At the police station, Nacho admits to Jimmy that he surveilled the Kettlemans but denies kidnapping them. Nacho warns Jimmy that if he does not get the charges dropped, Nacho will have him killed. Jimmy is unsuccessful at persuading the police to release Nacho but convinces Kim to take him to the Kettleman house so he can investigate. Jimmy notices some inconsistencies, such as a missing child's doll, and theorizes that the Kettlemans staged their kidnapping. Jimmy tells Kim he warned the Kettlemans about Nacho, which probably drove them into hiding.

At the courthouse, Jimmy starts a fight with Mike Ehrmantraut, who subdues him. The police ask Mike to press assault charges so they can leverage Jimmy to testify against Nacho but Mike refuses. He suggests to Jimmy that Jimmy's theory about the Kettlemans' disappearance is correct. Mike then recounts a similar case he investigated as a Philadelphia police officer and tells Jimmy the Kettlemans are probably hiding somewhere close to home. With the new lead, Jimmy explores the desert near the Kettleman house and finds their campsite. He confronts the Kettlemans, gets into a struggle with them, and inadvertently discovers their stolen money.

Production 
The episode was written by co-executive producer Thomas Schnauz, who was also a writer and producer on Breaking Bad. It was directed by Terry McDonough, who directed episodes for Breaking Bad, including the episode that introduced Saul Goodman.

Reception 
Upon airing, the episode received 3.23 million American viewers, and an 18-49 rating of 1.6.

The episode received positive reviews from critics. Erik Kain of Forbes said that "Overall, this was yet another strong entry in the show. Great shots of New Mexico, plenty of humor, and a little bit of mystery all kept this one humming from start to finish."

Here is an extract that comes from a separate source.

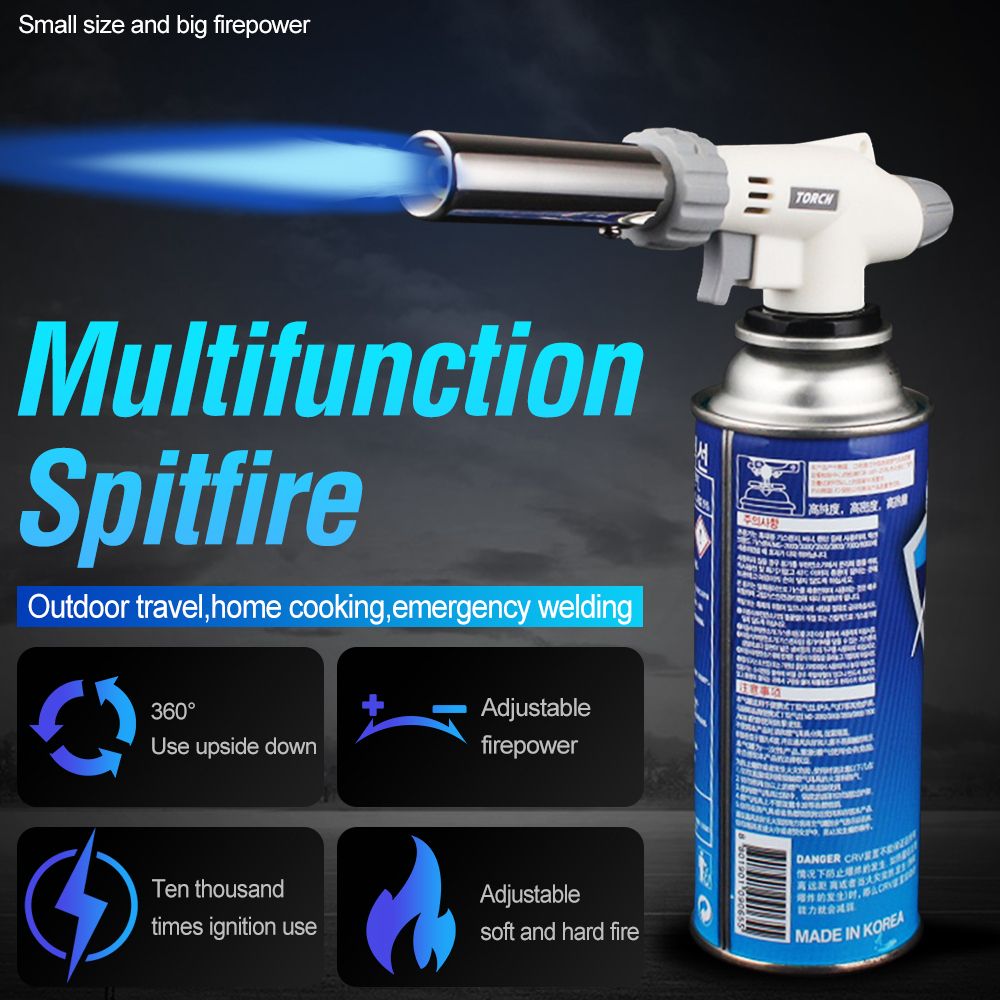 Flame Gun 1300 Degree Welding Burner Auto Ignition Gas
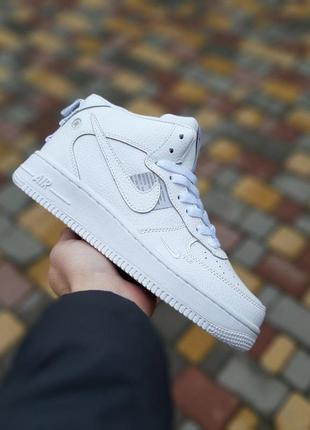 Кросівки жіночі nike air force 1 mid lv8 білі високі ❄️ жіночі кросівки nike air force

Michael Hogan of The Telegraph gave the episode 4 out of 5 stars, concluding:

Roth Cornet of IGN gave the episode 8.5 out of 10, saying "Better Call Saul continues to settle into itself, as Jimmy McGill's will to do the right thing is tested."" Richard Vine of The Guardian also gave a positive review, and was pleased that the episode began to examine Jimmy's relationships with Chuck and Kim, who "you really get the sense that she's fond of him, against her better judgement".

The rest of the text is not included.